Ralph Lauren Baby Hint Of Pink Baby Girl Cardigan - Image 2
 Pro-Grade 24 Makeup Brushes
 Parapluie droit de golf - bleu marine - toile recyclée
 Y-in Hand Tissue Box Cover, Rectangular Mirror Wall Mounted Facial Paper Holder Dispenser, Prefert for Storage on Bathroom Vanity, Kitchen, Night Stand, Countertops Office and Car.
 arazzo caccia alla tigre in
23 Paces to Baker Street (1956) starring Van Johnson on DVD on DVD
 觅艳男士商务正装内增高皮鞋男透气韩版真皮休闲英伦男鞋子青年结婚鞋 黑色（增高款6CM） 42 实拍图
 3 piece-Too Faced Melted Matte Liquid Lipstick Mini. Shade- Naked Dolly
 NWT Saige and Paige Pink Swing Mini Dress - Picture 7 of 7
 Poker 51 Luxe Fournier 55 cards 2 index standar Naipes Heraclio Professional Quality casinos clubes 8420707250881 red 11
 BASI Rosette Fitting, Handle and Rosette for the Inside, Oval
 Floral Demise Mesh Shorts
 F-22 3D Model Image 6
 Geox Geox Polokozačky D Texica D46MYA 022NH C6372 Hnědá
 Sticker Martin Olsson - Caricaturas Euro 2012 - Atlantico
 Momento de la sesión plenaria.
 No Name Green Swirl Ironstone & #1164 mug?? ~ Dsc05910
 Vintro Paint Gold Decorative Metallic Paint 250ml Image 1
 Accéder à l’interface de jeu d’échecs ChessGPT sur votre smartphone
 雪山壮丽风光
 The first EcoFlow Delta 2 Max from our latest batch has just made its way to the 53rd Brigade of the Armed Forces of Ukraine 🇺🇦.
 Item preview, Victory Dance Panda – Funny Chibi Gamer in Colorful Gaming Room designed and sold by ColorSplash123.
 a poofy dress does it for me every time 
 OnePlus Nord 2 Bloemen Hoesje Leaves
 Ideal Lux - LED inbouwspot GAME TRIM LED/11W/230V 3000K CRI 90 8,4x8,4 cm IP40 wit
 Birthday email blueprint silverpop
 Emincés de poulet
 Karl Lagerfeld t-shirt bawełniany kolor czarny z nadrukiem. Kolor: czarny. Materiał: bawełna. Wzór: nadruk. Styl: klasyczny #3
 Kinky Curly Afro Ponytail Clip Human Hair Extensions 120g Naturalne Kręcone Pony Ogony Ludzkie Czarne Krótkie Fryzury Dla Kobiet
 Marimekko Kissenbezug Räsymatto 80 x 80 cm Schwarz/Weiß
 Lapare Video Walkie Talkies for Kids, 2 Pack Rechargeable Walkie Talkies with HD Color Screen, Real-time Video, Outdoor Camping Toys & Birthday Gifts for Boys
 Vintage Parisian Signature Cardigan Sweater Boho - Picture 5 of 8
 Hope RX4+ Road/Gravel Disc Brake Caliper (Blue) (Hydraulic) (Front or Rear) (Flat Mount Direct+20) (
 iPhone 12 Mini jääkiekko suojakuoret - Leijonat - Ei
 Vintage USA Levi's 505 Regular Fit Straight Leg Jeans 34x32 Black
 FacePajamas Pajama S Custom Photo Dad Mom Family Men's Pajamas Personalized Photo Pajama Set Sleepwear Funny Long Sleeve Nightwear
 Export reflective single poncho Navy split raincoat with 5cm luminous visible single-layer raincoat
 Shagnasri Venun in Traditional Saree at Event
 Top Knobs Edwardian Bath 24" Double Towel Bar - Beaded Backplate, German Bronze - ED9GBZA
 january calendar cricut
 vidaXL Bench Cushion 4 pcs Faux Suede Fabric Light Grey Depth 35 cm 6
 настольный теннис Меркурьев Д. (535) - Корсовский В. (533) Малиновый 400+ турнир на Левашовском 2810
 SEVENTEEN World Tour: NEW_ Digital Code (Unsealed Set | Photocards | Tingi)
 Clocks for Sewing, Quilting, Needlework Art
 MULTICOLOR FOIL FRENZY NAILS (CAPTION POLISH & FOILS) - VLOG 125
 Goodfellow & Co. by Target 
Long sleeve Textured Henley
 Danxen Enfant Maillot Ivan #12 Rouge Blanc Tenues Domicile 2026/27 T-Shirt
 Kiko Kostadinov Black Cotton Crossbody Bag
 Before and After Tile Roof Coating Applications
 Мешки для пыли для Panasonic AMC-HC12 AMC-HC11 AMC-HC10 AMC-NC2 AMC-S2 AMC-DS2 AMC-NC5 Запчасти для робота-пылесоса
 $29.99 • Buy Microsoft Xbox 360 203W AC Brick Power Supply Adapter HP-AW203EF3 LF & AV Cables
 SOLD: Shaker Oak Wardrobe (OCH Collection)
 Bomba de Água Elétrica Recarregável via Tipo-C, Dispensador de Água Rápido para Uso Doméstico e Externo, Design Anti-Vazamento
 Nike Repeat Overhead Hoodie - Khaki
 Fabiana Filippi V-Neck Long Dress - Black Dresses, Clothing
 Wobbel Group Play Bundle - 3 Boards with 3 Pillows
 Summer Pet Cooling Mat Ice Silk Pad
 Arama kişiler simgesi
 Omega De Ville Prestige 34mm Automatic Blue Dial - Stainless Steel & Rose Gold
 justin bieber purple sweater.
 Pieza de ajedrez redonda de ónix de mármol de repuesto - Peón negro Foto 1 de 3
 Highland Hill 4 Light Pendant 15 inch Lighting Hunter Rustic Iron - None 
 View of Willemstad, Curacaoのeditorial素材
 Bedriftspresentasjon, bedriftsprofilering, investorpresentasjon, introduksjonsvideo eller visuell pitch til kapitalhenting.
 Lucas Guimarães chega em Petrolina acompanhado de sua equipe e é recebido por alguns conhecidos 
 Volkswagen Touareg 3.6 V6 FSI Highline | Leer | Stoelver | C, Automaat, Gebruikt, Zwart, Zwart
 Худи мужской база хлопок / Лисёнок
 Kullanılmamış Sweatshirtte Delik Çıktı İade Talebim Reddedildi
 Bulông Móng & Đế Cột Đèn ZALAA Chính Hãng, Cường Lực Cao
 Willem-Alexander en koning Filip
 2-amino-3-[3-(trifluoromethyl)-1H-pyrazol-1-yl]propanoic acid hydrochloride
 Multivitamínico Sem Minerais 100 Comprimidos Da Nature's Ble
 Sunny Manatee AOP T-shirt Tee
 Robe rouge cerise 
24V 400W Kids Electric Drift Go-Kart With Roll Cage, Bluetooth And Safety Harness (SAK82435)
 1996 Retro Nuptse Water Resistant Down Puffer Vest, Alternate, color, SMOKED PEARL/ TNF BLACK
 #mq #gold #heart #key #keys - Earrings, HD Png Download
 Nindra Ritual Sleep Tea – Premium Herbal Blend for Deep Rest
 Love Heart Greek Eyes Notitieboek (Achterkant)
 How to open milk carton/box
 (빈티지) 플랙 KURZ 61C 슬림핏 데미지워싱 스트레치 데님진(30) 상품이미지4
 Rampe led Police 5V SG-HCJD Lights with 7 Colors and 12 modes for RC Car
- - - - -
[Activity] I'd like the lines above from the one with "iPhone 12 Mini" up to and including the one with "FacePajamas Pajama S" copied exactly, with no other lines.

[Response to this exercise]
 iPhone 12 Mini jääkiekko suojakuoret - Leijonat - Ei
 Vintage USA Levi's 505 Regular Fit Straight Leg Jeans 34x32 Black
 FacePajamas Pajama S Custom Photo Dad Mom Family Men's Pajamas Personalized Photo Pajama Set Sleepwear Funny Long Sleeve Nightwear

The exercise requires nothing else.